* [Records provided]:
----

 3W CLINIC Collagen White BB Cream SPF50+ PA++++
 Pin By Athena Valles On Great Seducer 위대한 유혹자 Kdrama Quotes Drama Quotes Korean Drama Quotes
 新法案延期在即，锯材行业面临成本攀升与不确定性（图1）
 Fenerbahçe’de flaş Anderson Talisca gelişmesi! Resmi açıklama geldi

----

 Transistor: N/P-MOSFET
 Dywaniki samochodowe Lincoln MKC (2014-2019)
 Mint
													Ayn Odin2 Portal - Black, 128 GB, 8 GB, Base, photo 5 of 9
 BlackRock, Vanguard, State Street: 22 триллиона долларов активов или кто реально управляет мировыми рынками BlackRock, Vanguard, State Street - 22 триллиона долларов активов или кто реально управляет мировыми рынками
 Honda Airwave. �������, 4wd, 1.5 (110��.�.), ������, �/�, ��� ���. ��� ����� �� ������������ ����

----

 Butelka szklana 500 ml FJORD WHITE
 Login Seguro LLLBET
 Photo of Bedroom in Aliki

----

* [Problem requirements]: The range runs from the line with "3W CLINIC Collagen" up to and including the line with "Fenerbahçe’de flaş Anderson" in the listing above; please write out exactly those lines and nothing more.

* [Task response]:
 3W CLINIC Collagen White BB Cream SPF50+ PA++++
 Pin By Athena Valles On Great Seducer 위대한 유혹자 Kdrama Quotes Drama Quotes Korean Drama Quotes
 新法案延期在即，锯材行业面临成本攀升与不确定性（图1）
 Fenerbahçe’de flaş Anderson Talisca gelişmesi! Resmi açıklama geldi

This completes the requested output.